The records:
*****
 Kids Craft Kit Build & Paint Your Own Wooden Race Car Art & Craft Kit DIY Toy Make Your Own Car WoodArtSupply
*****
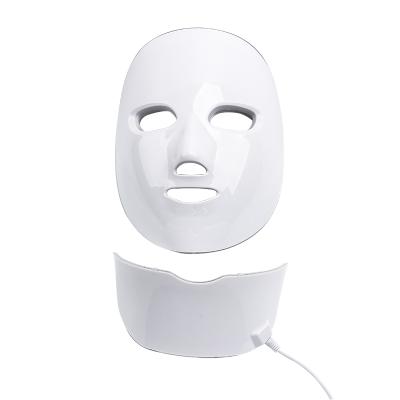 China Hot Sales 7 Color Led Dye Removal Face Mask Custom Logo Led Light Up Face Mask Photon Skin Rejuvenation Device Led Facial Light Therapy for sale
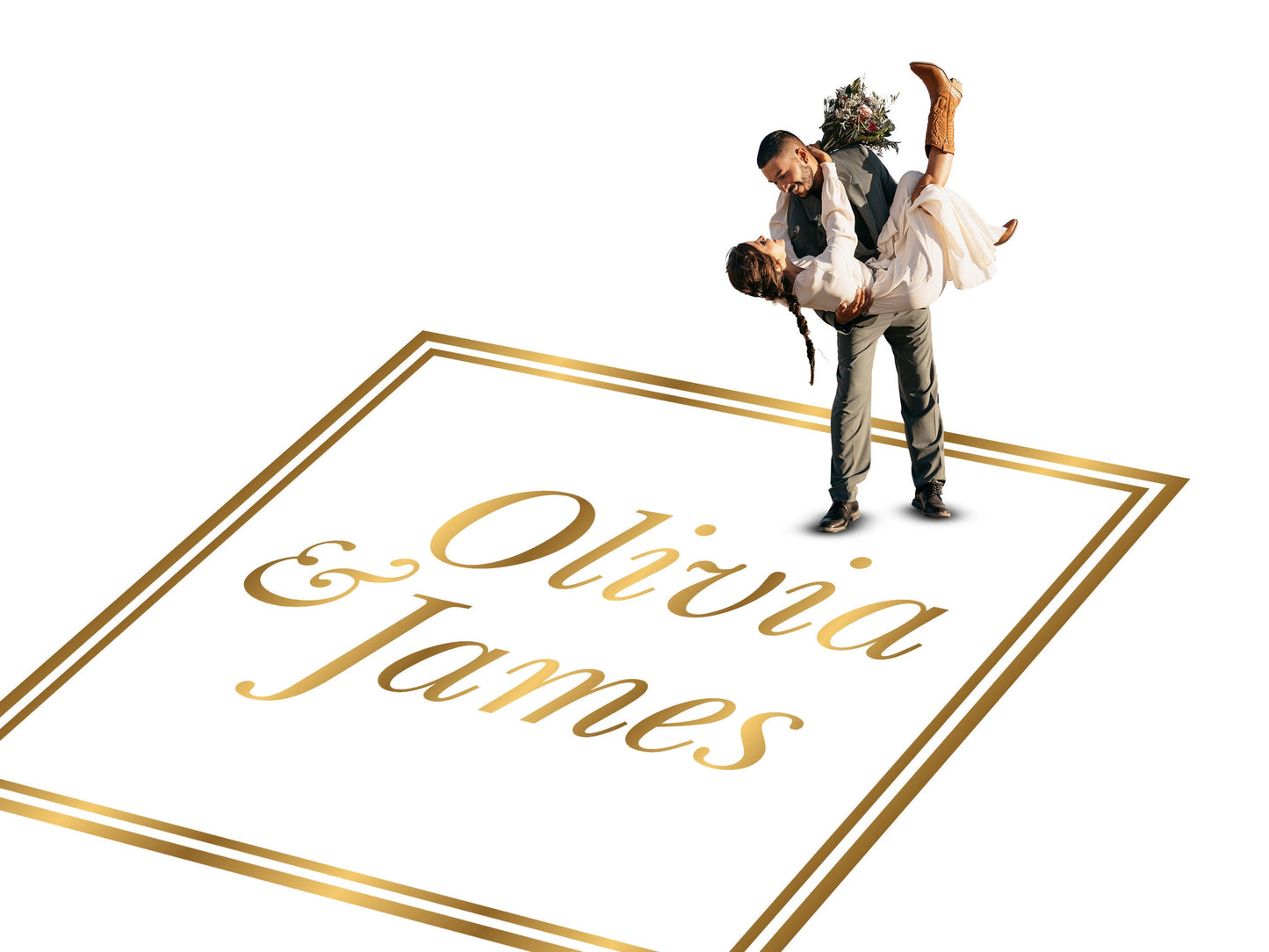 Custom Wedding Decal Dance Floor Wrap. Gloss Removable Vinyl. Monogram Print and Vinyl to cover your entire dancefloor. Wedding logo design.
*****
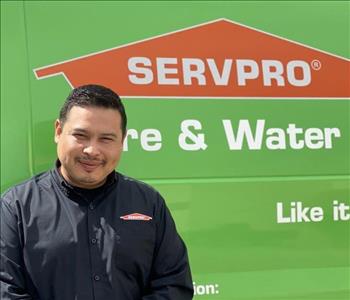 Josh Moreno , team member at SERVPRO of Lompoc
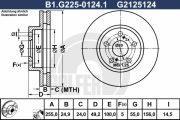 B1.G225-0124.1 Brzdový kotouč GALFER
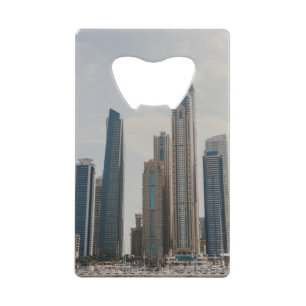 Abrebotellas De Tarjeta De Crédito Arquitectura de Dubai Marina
*****
In the data above, find the line containing "B1.G225-0124.1 Brzdový kotouč GALFER" and the line containing "Abrebotellas De Tarjeta". Repeat those two lines and everything between them exactly, minus the pictures.

 B1.G225-0124.1 Brzdový kotouč GALFER
 Abrebotellas De Tarjeta De Crédito Arquitectura de Dubai Marina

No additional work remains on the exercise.